Sir Clive Sinclair, the inventor and boffin that brought us home computing, rechargeable electric cars and calculators that were allowed in maths exams due their fiendishly complicated interface, is to try again with the rechargeable car. Sinclair is going with the innovative name of C6.
Sinclair has learned from the previous version of his electric vehicle, which turned out to be a glorified bicycle, only harder to peddle. The new vehicle will be solar powered.
"This is the way forward," said Sinclair. "We have also solved the problem of not being able to get over a speed bump, by completely removing the chassis."
Running a solar powered vehicle requires a series of complicated calculations that are performed by the on-board computer.
"We're using our old stock of ZX81s," said Sinclair. "It keeps the costs down."
This does mean that the computerised controls on the C6 have very difficult to press buttons, but they are very robust, once the RAM Pack has been gaffa taped into place.

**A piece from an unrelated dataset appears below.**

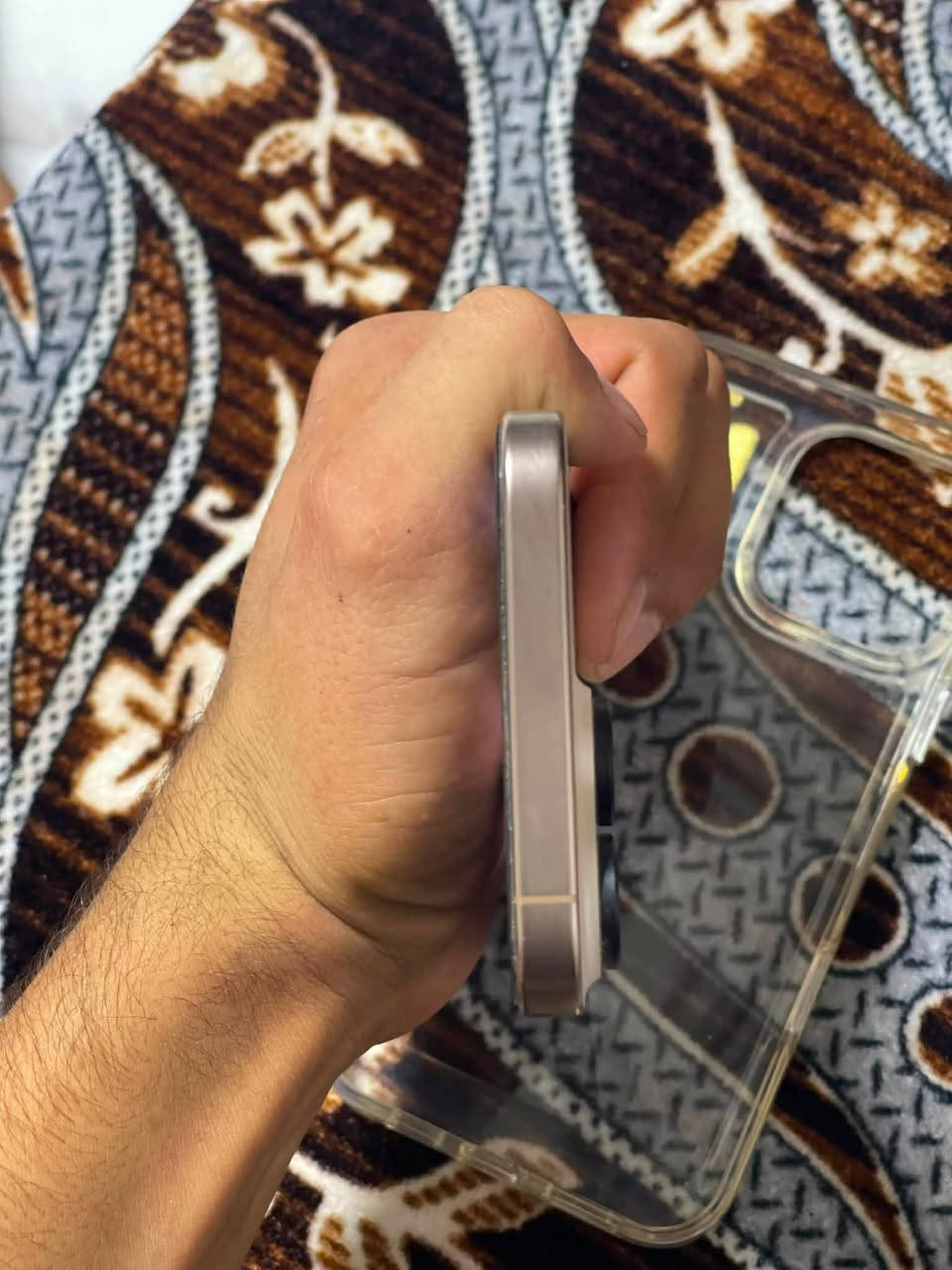 سلام عليكم 16برو ماكس عربي شرق اوسط وتر برو  بطاريه 89باكيت وكيبل ويا السعر مليون و300رقم الاتصال ***********
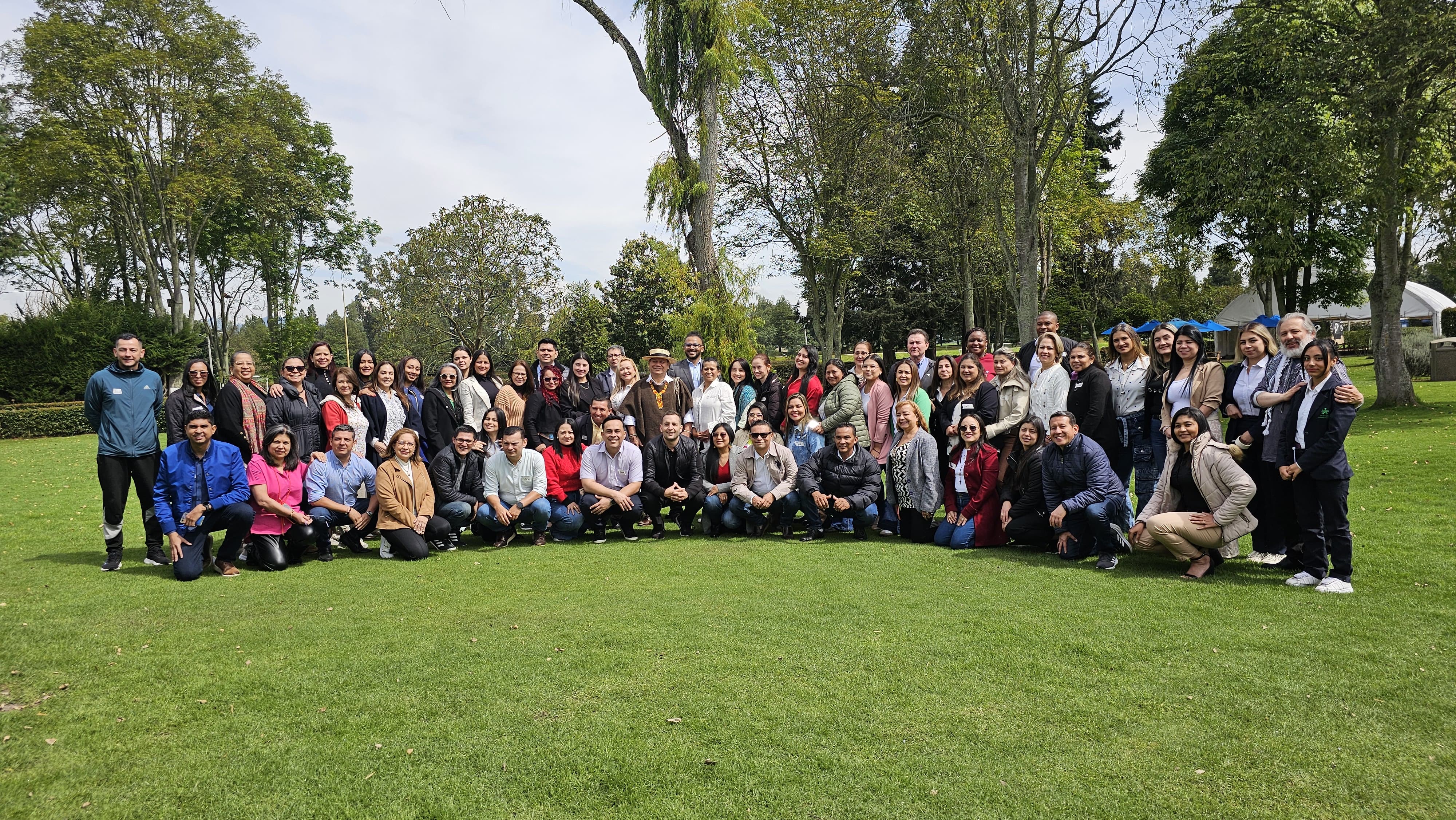 En el espacio se presentó también la Escuela Ambiental de la entidad, que busca fomentar las acciones sustentables en las 17 direcciones territoriales y el nivel central.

The pedals have gone from the C6 replaced by solar panels, which can charge the on-board battery even on a cloudy day.
"After we'd done the maths," said Sinclair, "we discovered that we needed eighty-five square feet of solar panels to run the car. These are pulled along in a trailer behind the C6."
This leads to the major criticism of Sinclair's latest invention: it is difficult to corner whilst towing a tennis court sized solar panel array. It also makes the C6 a little more expensive than other electric vehicles, with the initial models retailing at a few pence under two hundred and fifty thousand pounds.
"We're hoping people can see past the minor problems," said Sinclair, "and see instead that once again, I've invented a new version of the future."
Vauxhall's chairperson, Mercedes Ford, believes Sinclair is still as mad as ever. "He's not invented a new version of the future, he's invented a new version of furniture."